高畑館 (たかばたけだて) | |
所在地 | 会津若松市河東町(旧河沼郡河東町)谷沢字館ノ内 |
別称 | 高畠館 |
築城年 | 安元元年(1175)頃か |
築城者 | 伊澤俊行 |
城主変遷 | 奥州藤原氏[伊澤氏]-源氏[神保氏]… |
廃城年 | 不明 |
現状 | 耕作地 |
高畑館は福島県会津若松市(旧河沼郡河東町)に所在した城館跡である。
平安時代末期、奥州藤原氏家臣伊澤権頭俊行が構築し、後に神保小次郎長保が住したとされる。
当時会津は隆盛を誇った磐梯山慧日寺、猿戻城を主城とした会津八館を築いて会津への進出を図る越後平氏の城氏、そして奥州藤原氏が互いに勢力を競っていたと考えられ、藤原氏は会津進出、支配に当たり地頭として河辺太郎高経を御山館に置いていたという。高経が御山館にあったのは安元元年(1175)頃とされており、伊澤俊行もほぼ同時期に会津へ入部、高畑館を築いたものと推定されている。御山館の前衛として、慧日寺、城氏の動向を探る役割を担ったであろうこの館がどれだけ活躍したかを示す資料は無いが、その後間もない文治五年(1189)の奥州合戦で藤原氏は滅亡しており、藤原氏の会津支配に大きな役割を果たしたものとは考え辛い。

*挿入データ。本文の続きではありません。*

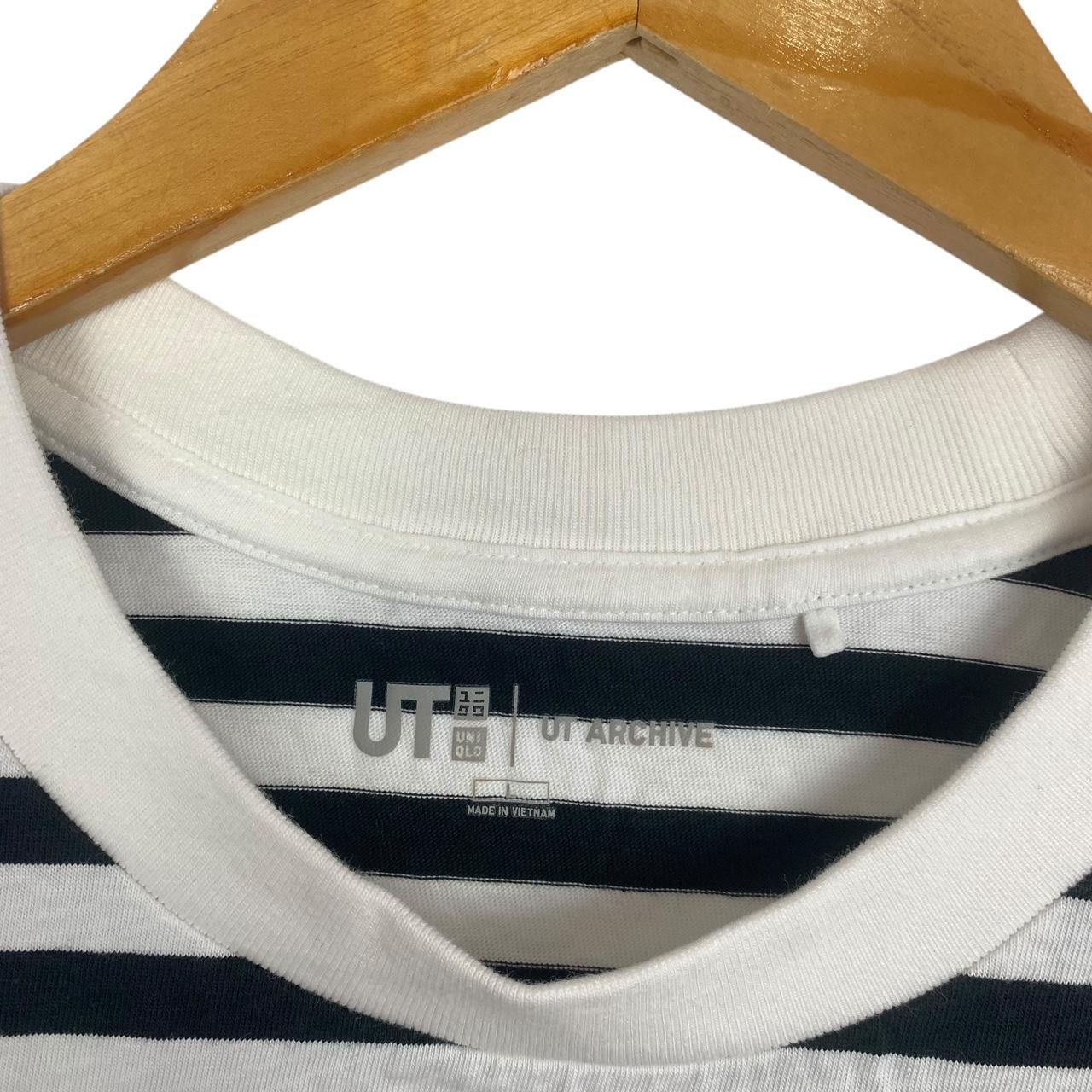 Uniqlo ANDY WARHOL CAMPBELL x UNIQLO Soup Tank Top Tee Shirt Top Size L / US 10 / IT 46 - 3 Thumbnail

なお伊澤氏の後に高畑館に住したという神保氏は源頼朝の家人と見られるが、会津一円は蘆名氏祖である佐原十郎左衛門尉義連に与えられており、ごく短期間の居住であったか、佐原氏の被官として高畑館にあったのかは判然としない。
『新編会津風土記』には東西19間、南北27間、『会津鑑』『会津古塁記』には東西28間、南北21間とあり、規模の記載に差異が見られるが館主の記載は同様である。なお館ノ内を字限図で見ると、東辺が南北54間、西辺が南北41間、また北辺が東西37間、南辺が東西45間となっており、不整形の方形館であったと見られる。また周囲は4間ほどの堀が周囲を取り巻いていたと見られている。しかし現在は圃場整備によって全く姿を消しており、遺構は存在しない。
なお往古は伊澤村、その後高畠村と称されていたが、明治時代以降高畑村となった様である。